Jupyter Notebook ★ 647 updated 4y ago

VQVAEs, GumbelSoftmaxes and friends

Plain-English Explanation: Deep Vector Quantization

This repository teaches you how to train a special kind of artificial intelligence model called a VQVAE (vector quantized variational autoencoder). Think of it as an intelligent image compressor. You feed it an image—say a picture from a dataset of cats—and it learns to squash that image down into a tiny, discrete code (a list of numbers from a limited set). Then it can reconstruct the original image from that code. The magic is that these codes are so small and simple that you can feed them into other AI models (like GPT-style language models) to generate or manipulate images in interesting ways.

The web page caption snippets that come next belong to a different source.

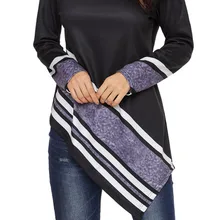 Горячая Распродажа S-2XL женские осенние новые шикарные топы полосатая Водолазка с длинным рукавом асимметричный дизайн женская футболка LC251135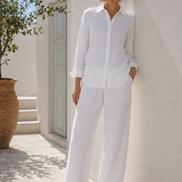 Pantalón de lino con cintura elástica para mujer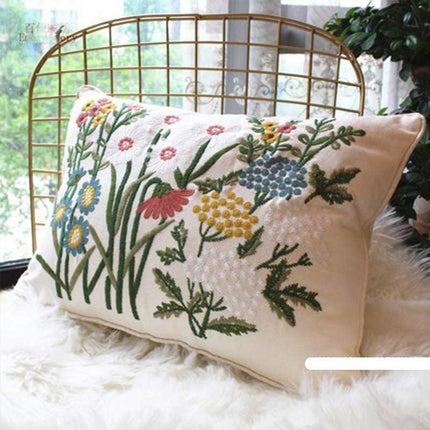 Chic European Garden Floral Embroidered Cotton Cushion Cover - Classic Home Decor Accent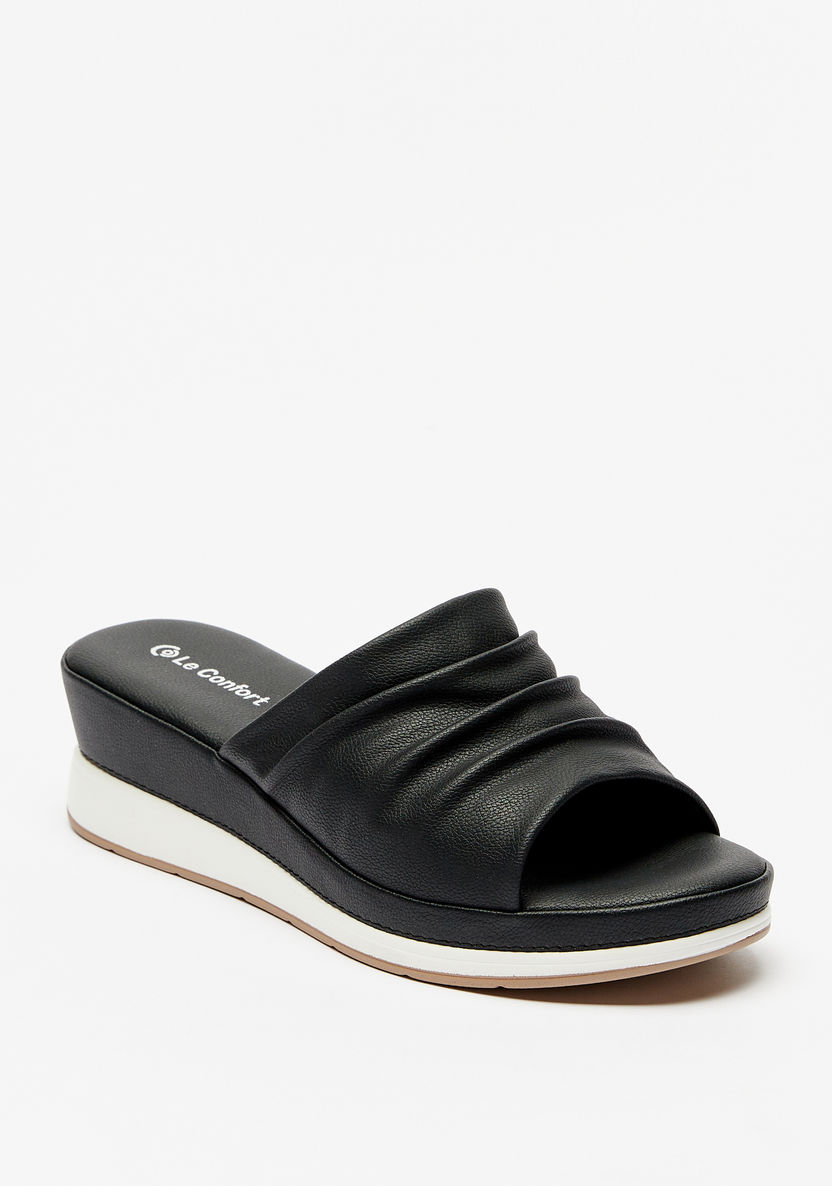 Le Confort Pleat Detail Slip-On Sandals with Wedge Heels-Women%27s Heel Sandals-image-0
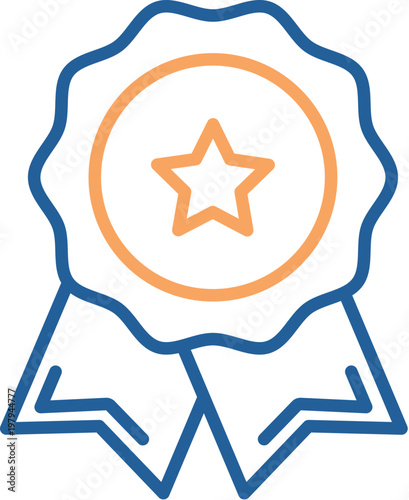 Quality premium product stamp seal. Vector trendy thin line icon illustration design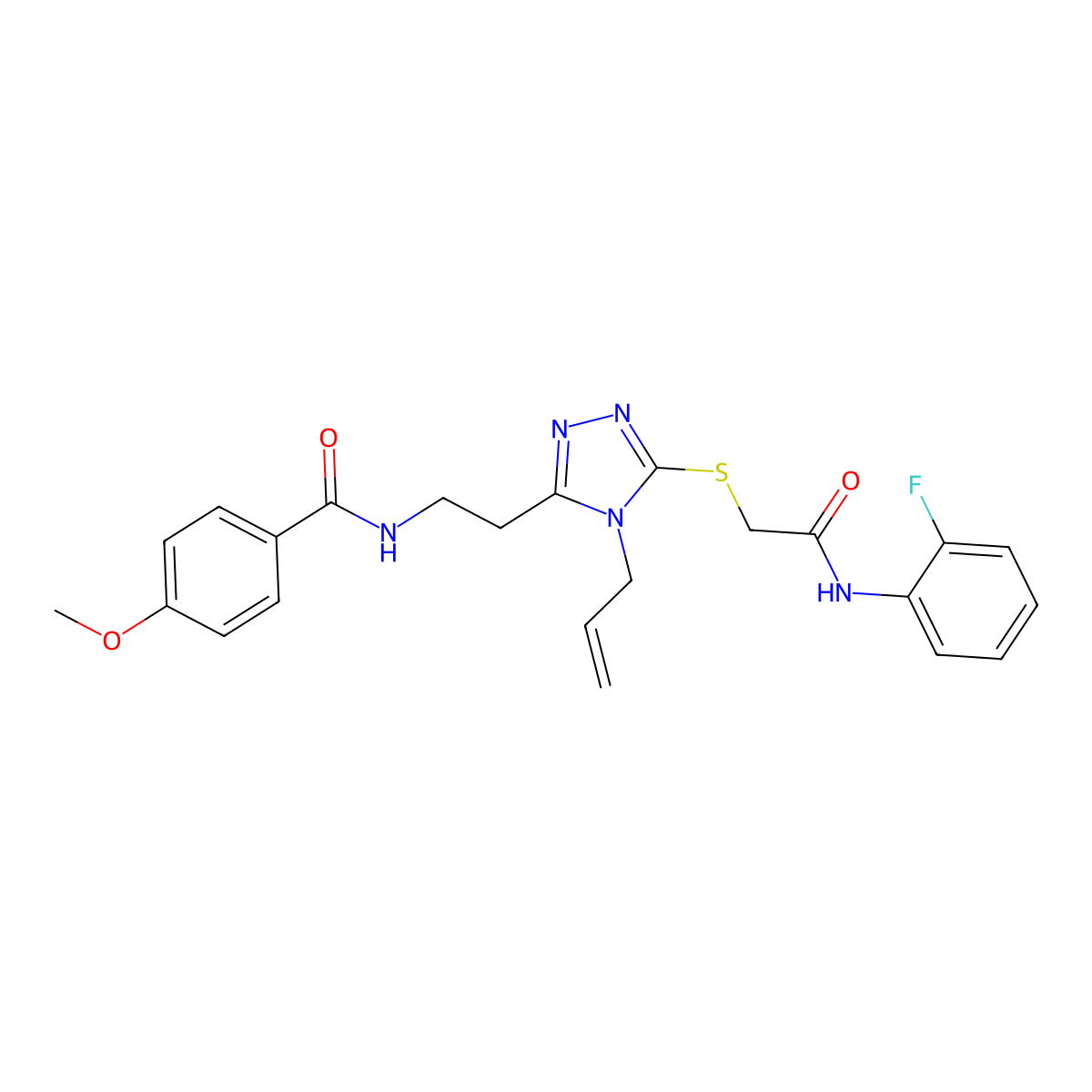N-[2-[5-[2-(2-fluoroanilino)-2-oxoethyl]sulfanyl-4-prop-2-enyl-1,2,4-triazol-3-yl]ethyl]-4-methoxybenzamide molecular structure, CAS 767327-48-0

The core idea is that instead of letting the model compress images into any arbitrary numbers, you force it to choose from a fixed "codebook" of options—like picking from a paint palette rather than mixing an infinite rainbow. This constraint actually makes the compressed images more useful for downstream tasks. The repository implements three different flavors of this approach: the original DeepMind version (most stable), a Gumbel Softmax variant (more experimental), and an attempt to recreate OpenAI's DALL-E system (still in progress).

You'd use this if you're building an image generation or manipulation system and want to understand how to encode images into a discrete, compressible format. For example, instead of storing full high-resolution images, you could store just the discrete codes, which take up far less space and are easier for generative models to work with. The repository includes working training code you can run on your own machine with GPUs, starting with simple datasets like CIFAR-10.

The README notes that the project is still evolving—the DALL-E implementation isn't complete yet, and different training approaches have different quirks (the original DeepMind version needs special initialization to avoid "catastrophic index collapse," while the Gumbel variant is slower but potentially more flexible). It's positioned more as a learning resource and experimental toolkit than a polished, production-ready library.